What to do: Down to the last line, print the data that follows exactly, without its pictures.

Information supplied:
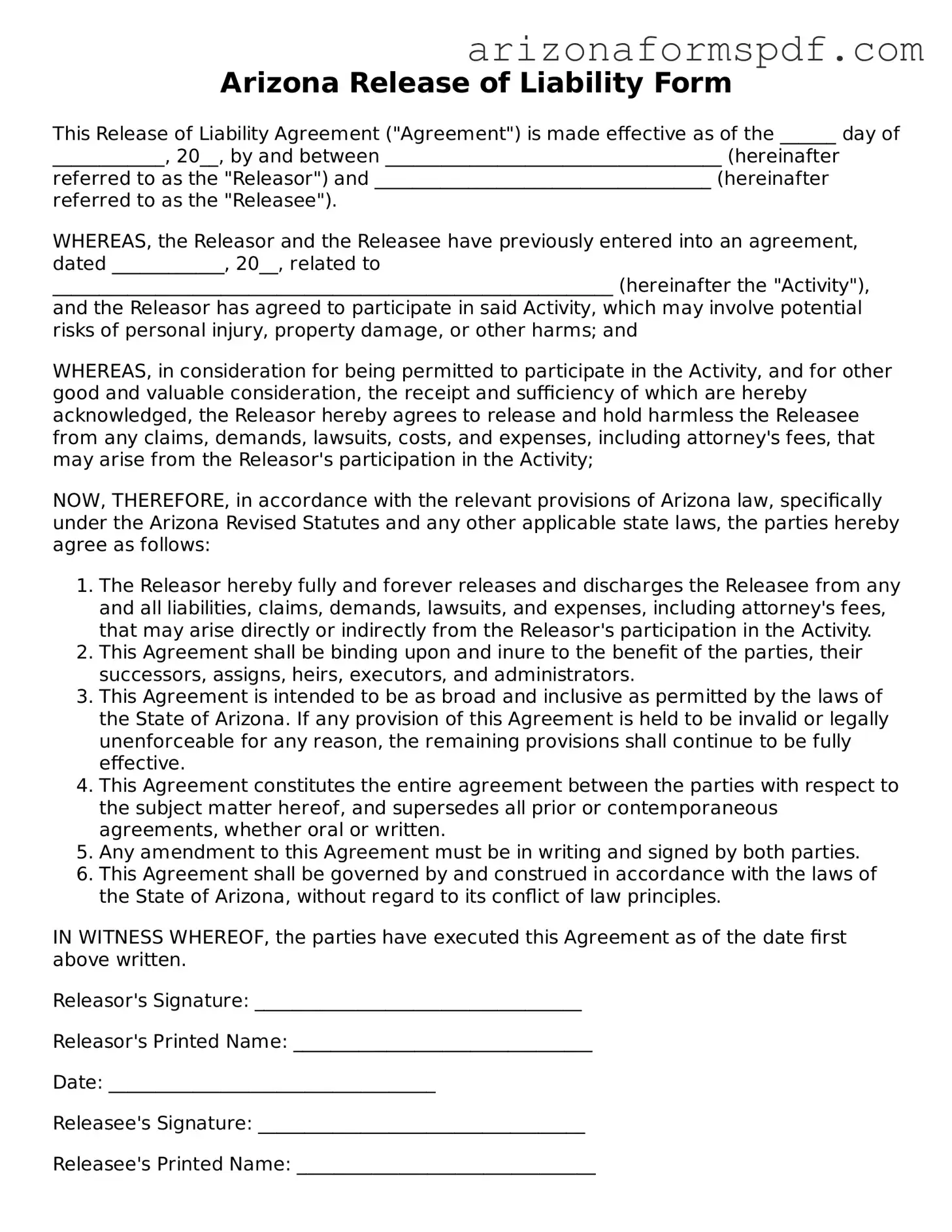 Blank Arizona Release of Liability Form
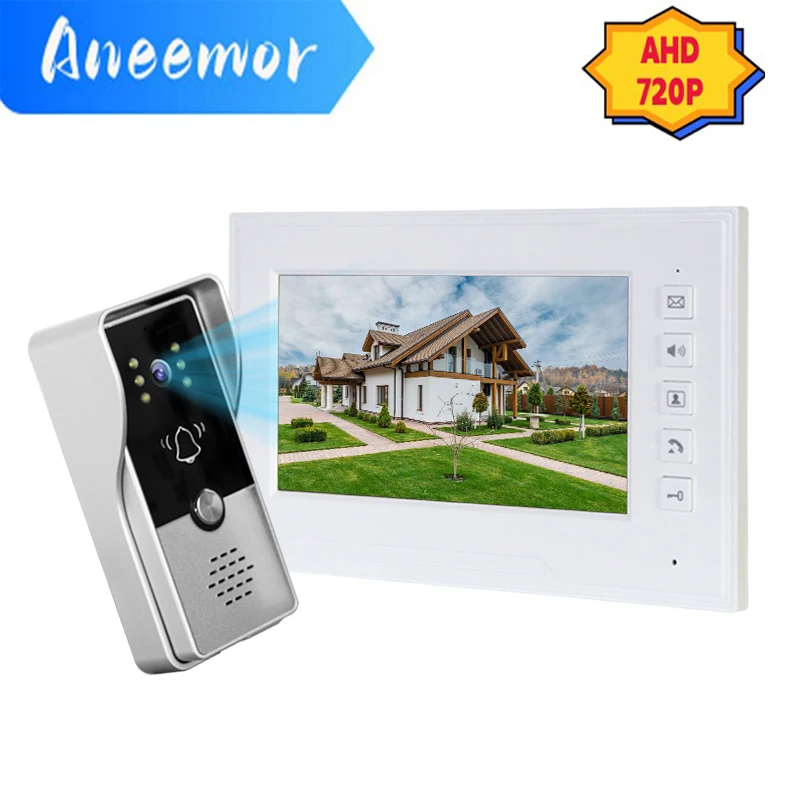 7 Inch Video Door Phone 720P Doorbell Camera Apartment Remote Access Control Wired Visual Intercom for Home Security System
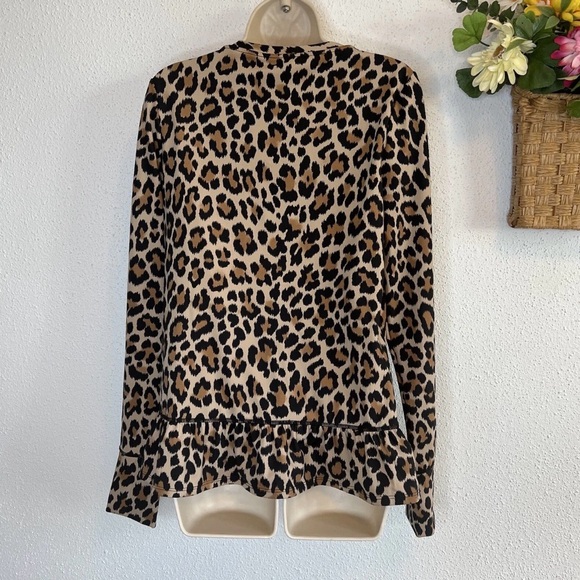 KATE SPADE | Leopard Print Long Sleeve Ruffle Bottom Size XS - Picture 9 of 11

Result of this exercise:
 Blank Arizona Release of Liability Form
 7 Inch Video Door Phone 720P Doorbell Camera Apartment Remote Access Control Wired Visual Intercom for Home Security System
 KATE SPADE | Leopard Print Long Sleeve Ruffle Bottom Size XS - Picture 9 of 11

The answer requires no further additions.